But Lucy and Charlie Brown are in this together. Maybe Charlie Brown is the one who has perfect timing. Ecclesiastes 10 tells us, "He who digs a pit will fall into it, / and whoever breaks through a wall will be bitten by a serpent. He who quarries stones may be hurt by them, / And he who splits wood may be endangered by it." She who holds a football will get kicked in the hand (see 1979). He who tries to kick a football will try again (remember that this whole thing was Charlie Brown's idea in 1952).




27. November 29, 1981

The time of the football routine in 1981 occurs exceptionally late in the year, November 29. Has Lucy contemplated giving up? Have 1979 and 1980 convinced her that the "time to pull away the football" has passed? Lucy seems less invested in the routine this year. In the first panel, she no longer sings out Charlie Brown's name; she looks toward him and calls out, as she kneels and holds the football, "Over here! I'm over here!" Like last year, she cannot quite bring herself to make the proposal. Instead, once the football is ready, she just looks at Charlie Brown with a smile. A smile is all he needs?
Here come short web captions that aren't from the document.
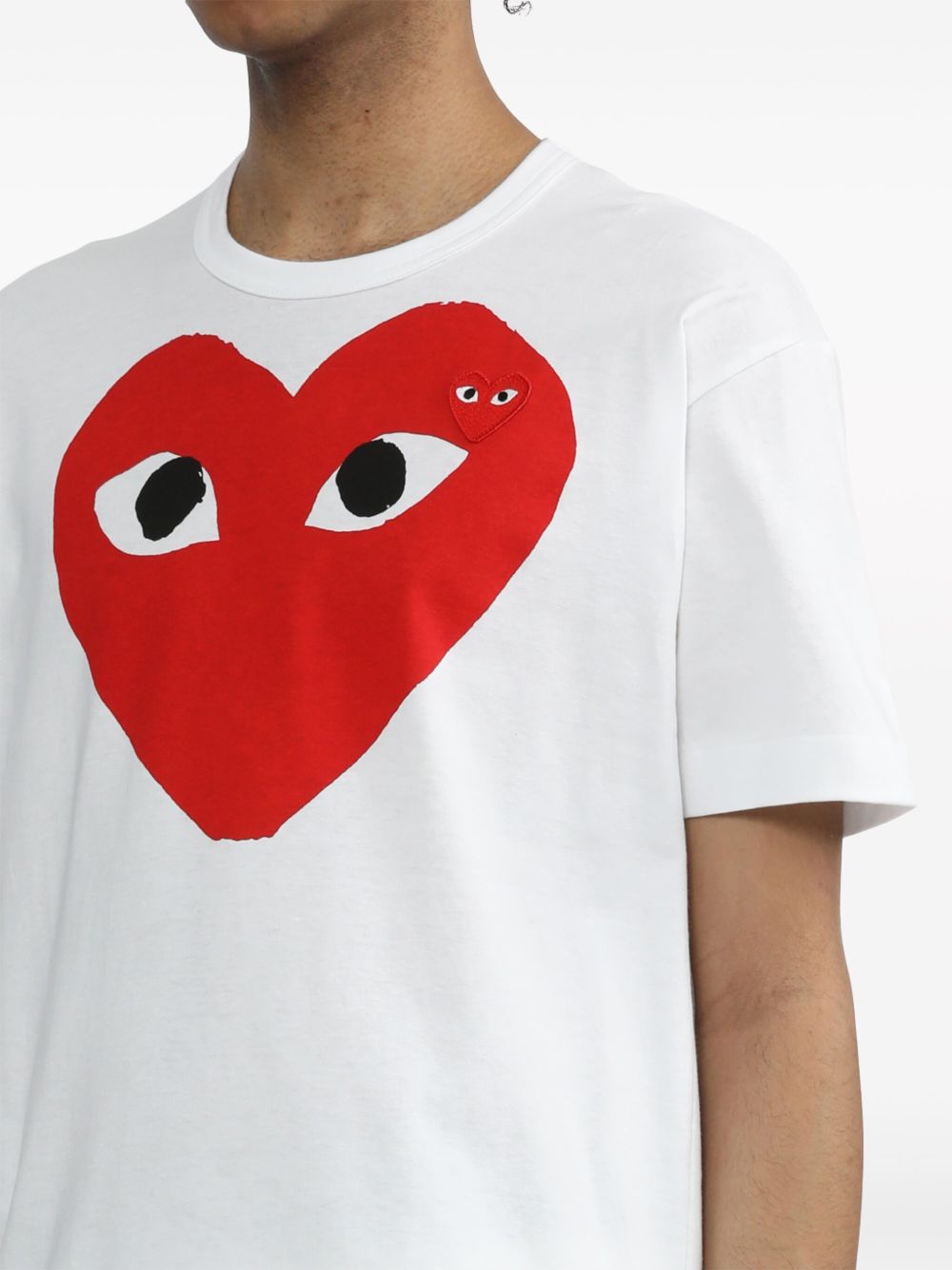 Comme Des Garcons Comme Des Garçons Cotton t-shirt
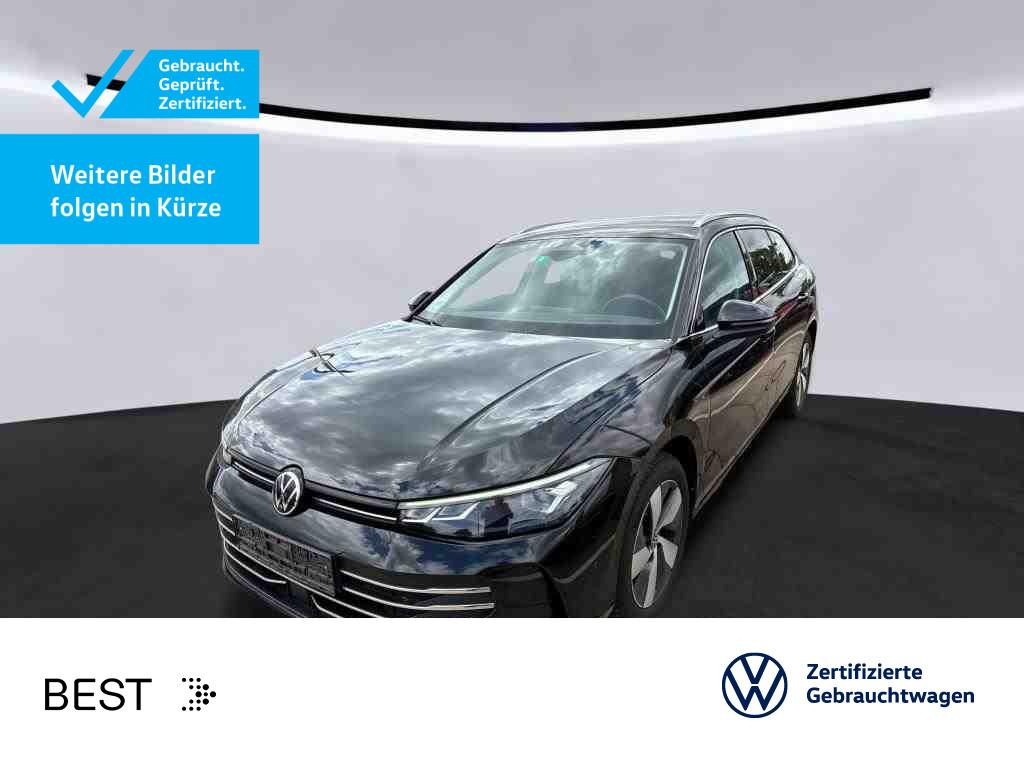 Volkswagen Passat Variant 15 eTSI DSG BUSINESSHUDLEDAHK 2024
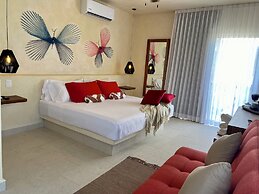 sunsteps casa holbox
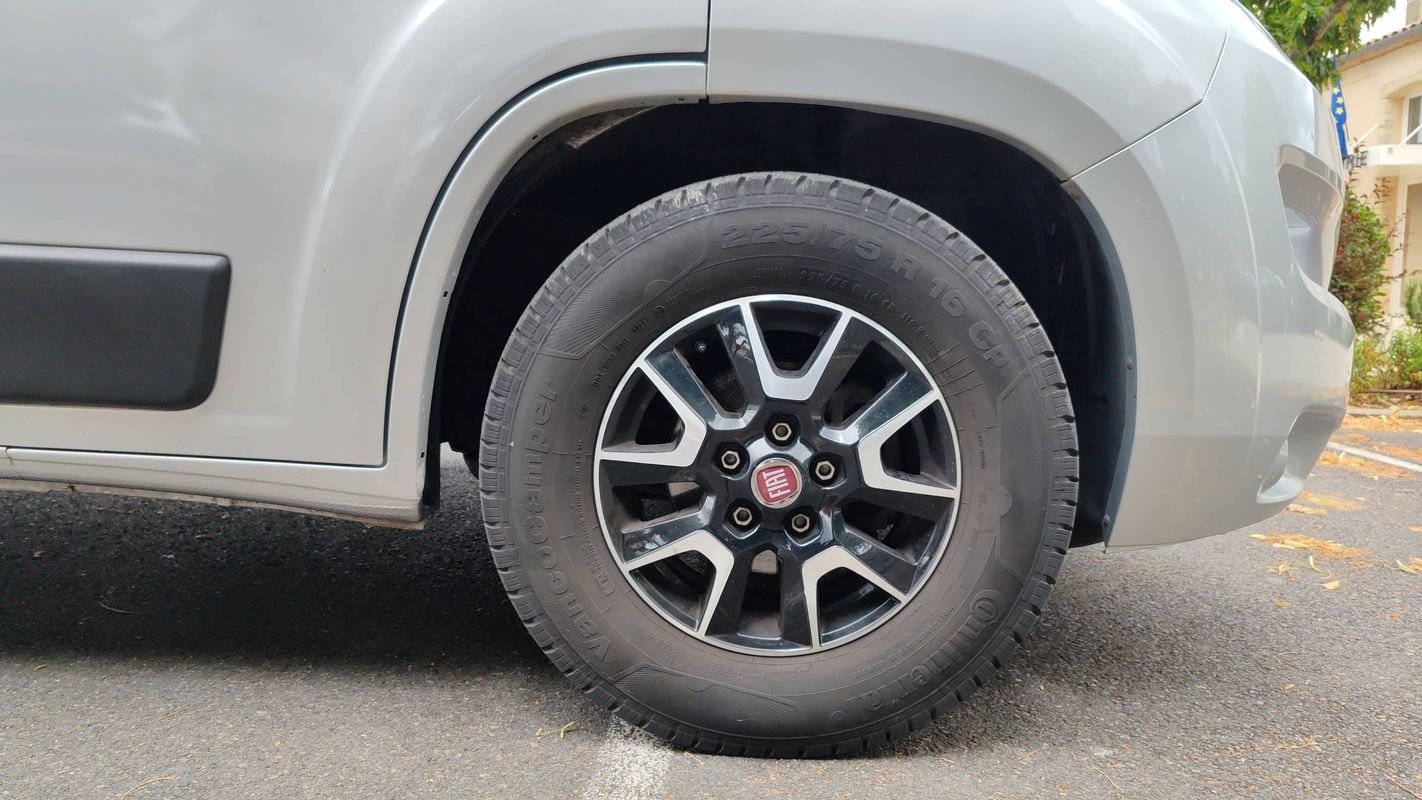 Fiat Ducato - Photo 17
Unlike his silent acquiescence of last year, Charlie Brown resists the impulse to try to kick the football--at least in his words. He says all the right words of resistance. "Does she really think I'm such a fool?" "Am I dumb enough?"  He repeats the phrase "Not again!" four times! But his body betrays him. He walks away from the football like he usually does. But the turn back toward the football he makes in panel six is masterfully drawn. The still image, by showing his feet (and his elbows) pointed in opposite directions, implies an unwilled movement toward the football. The two lines that follow the curve of his left arm show the change in direction that his body has undertaken, seemingly on its own. The routine has become a matter of muscle memory. Whatever he says, Charlie Brown cannot and will not stop. As he runs toward the football he asks "Is it really happening again?"  This question reminds me of a scene from season 2, episode 7 of Twin Peaks, which aired nine years after this strip, on November 11, 1990. The character then known as The Giant, appears in a vision to Agent Dale Cooper, and says twice, "It is happening again." Time loops through weird repetitions in Twin Peaks, especially given Cooper's question, "What year is it?" in the final episode of Twin Peaks: the Return, in 2017. Time loops through weird repetitions in Peanuts, too. After he misses the football, "Wump!"Lucy leans over him and says "Again Charlie Brown . . . . and again, and again and again." Charlie Brown looks toward us with a frown. This strip might be the eeriest of all the football routine strips. Look again at panel six. Charlie Brown cannot control his own body. What possesses him?




28. October 10, 1982

1982 returns immediately to the "not again" phrasing of last year; this year, Charlie Brown asks it as a question in the first panel, "Not again?" as he stands in the grass and looks toward the left, presumably at Lucy. He walks in the direction he is looking in panel two as he says "I can't believe it." We do not even see Lucy in the first two panels. When we finally do see her in panel three, she does not even have to speak. She looks at the football she is holding as Charlie Brown speaks. She remains silent, turning her head to watch Charlie Brown as he walks away from the football. He wonders about the symbolism of the football routine. He says "there has to be something deeply symbolic in that." He cannot figure out what it might mean, though. Even as he has "tried to study it from every angle. . . ." he says, as he runs toward the ball, "somehow, though, I've missed the symbolism . . ." Why has Charlie Brown suddenly become so interested in "symbolism?" Is he trying to find a previously hidden meaning to this act? Does he think it reveals something about his character? About his life? Perhaps. But why now, in the 28th occurrence of the routine?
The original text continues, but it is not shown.